EXAMEN EN COMMISSION
Au cours
d'une réunion tenue le 7 juin 2000 sous la présidence de
M. James Bordas, vice-président
, la commission a
examiné le rapport pour avis de
M. Victor Reux
sur le titre IV du
projet de loi n° 342 (1999-2000), adopté par l'Assemblée
nationale en première lecture après déclaration d'urgence,
d'
orientation
pour l'outre-mer
.
A la suite de l'exposé du rapporteur pour avis, un large débat
s'est instauré.
M. André Maman
a souhaité obtenir des précisions
complémentaires sur le système scolaire en Guyane et notamment
sur le nombre d'enfants non scolarisés, sur l'origine des enseignants et
sur les avantages dont ceux-ci bénéficiaient.
Il s'est enquis des langues régionales qui faisaient déjà
l'objet d'un enseignement en Guyane dans le cadre de l'éducation
nationale et a demandé si l'obligation de scolarité s'appliquait
à tous les enfants issus de l'immigration clandestine.
Il a par ailleurs évoqué la situation générale de
l'ensemble des départements d'outre-mer dans le domaine de
l'éducation.
M. Jacques Legendre
s'est étonné de la proportion
d'élèves non francophones en Guyane dans le second degré
et s'est demandé si les établissements avaient l'obligation de
les accueillir. Il s'est interrogé sur la responsabilité de
l'enseignement primaire en ce domaine.
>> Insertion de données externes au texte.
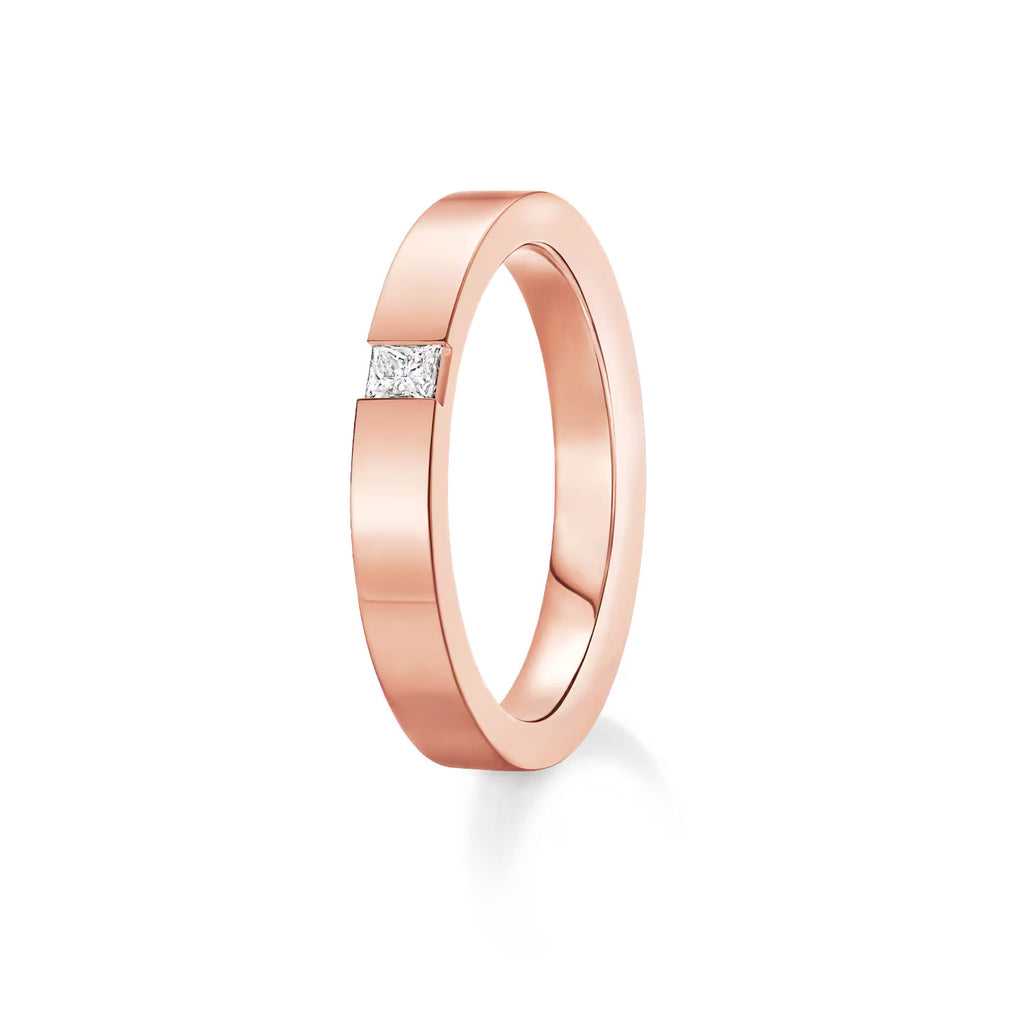 Carave Paris Princess Cut Single Diamond Wedding Band Rose Gold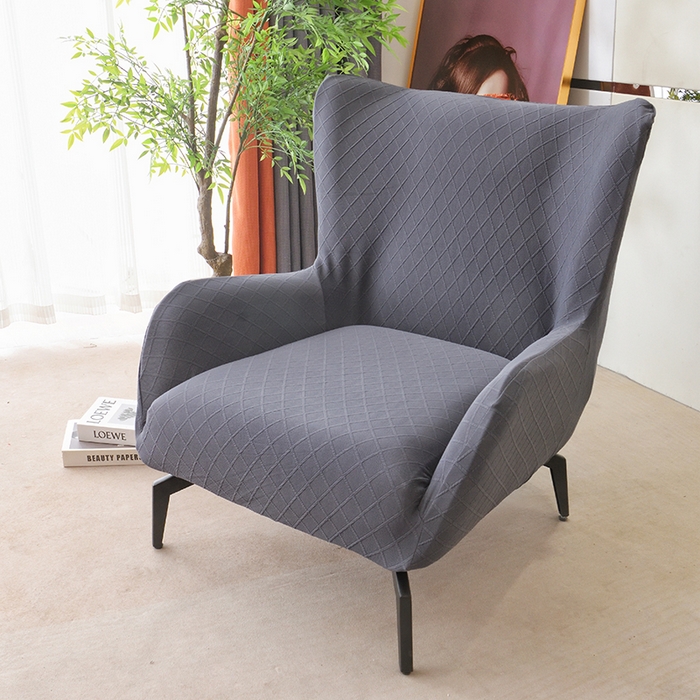 91家纺网 家纺一手货源 找家纺 启博家纺 2025新款菱形格小号老虎椅套 灰蓝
Après avoir exprimé ses
plus vives réserves quant à une ratification de la charte du
Conseil de l'Europe sur les langues régionales et minoritaires, il a
manifesté son accord pour faire entrer les langues régionales
ultramarines dans le champ d'application de la loi Deixonne.
Il a en revanche exprimé son scepticisme quant aux effets
bénéfiques de l'instrumentalisation des langues régionales
pour l'apprentissage et la maîtrise du français.
Il a souhaité que la mise en oeuvre de la loi de 1951 dans les DOM fasse
l'objet d'un suivi, via un rapport au Parlement et a rappelé que
l'enseignement des langues régionales devait rester fondé sur le
volontariat.
Il a par ailleurs estimé que des mesures devraient être prises
à l'encontre des enseignants qui se distinguent par un
absentéisme excessif.
Après avoir évoqué les circonstances qui ont
suscité l'éclatement de l'ancienne académie des
Antilles-Guyane, il s'est demandé si les enseignants d'origine
métropolitaine avaient contribué à freiner le
développement des langues régionales dans ces départements.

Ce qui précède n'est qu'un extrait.